- Opening Delimiter -

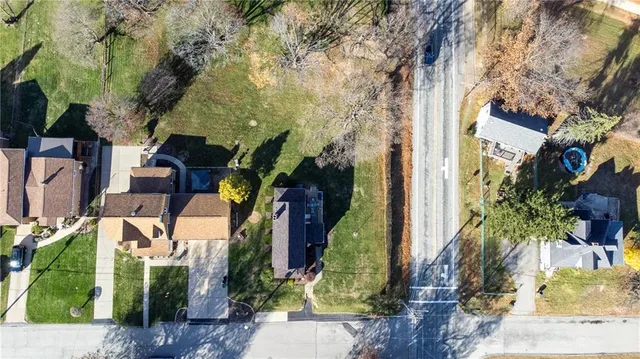 front view of a house with a tree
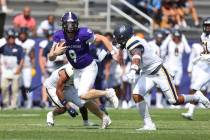 Holy Cross Crusaders quarterback Matthew Sluka (9) runs with the ball during a college football ...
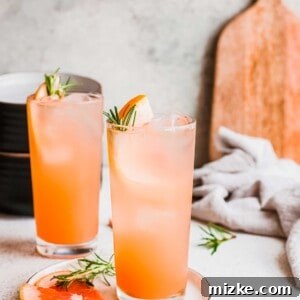 Bitter Sweet Gin and Tonic 6 A close-up shot of a refreshing Grapefruit Gin and Tonic cocktail, garnished with a grapefruit slice, ready to be enjoyed.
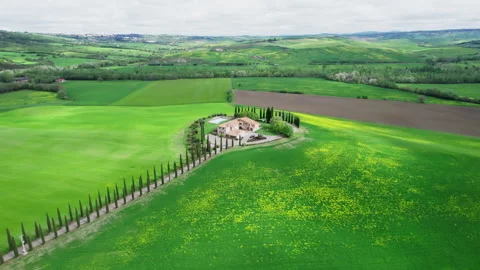 Green Tuscany fields during spring time drone footage Stock Footage 258457717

- Closing Delimiter -

◆ TASK GOAL:
Set down the material above exactly. Skip any picture.

◆ RESULT:
 front view of a house with a tree
 Holy Cross Crusaders quarterback Matthew Sluka (9) runs with the ball during a college football ...
 Bitter Sweet Gin and Tonic 6 A close-up shot of a refreshing Grapefruit Gin and Tonic cocktail, garnished with a grapefruit slice, ready to be enjoyed.
 Green Tuscany fields during spring time drone footage Stock Footage 258457717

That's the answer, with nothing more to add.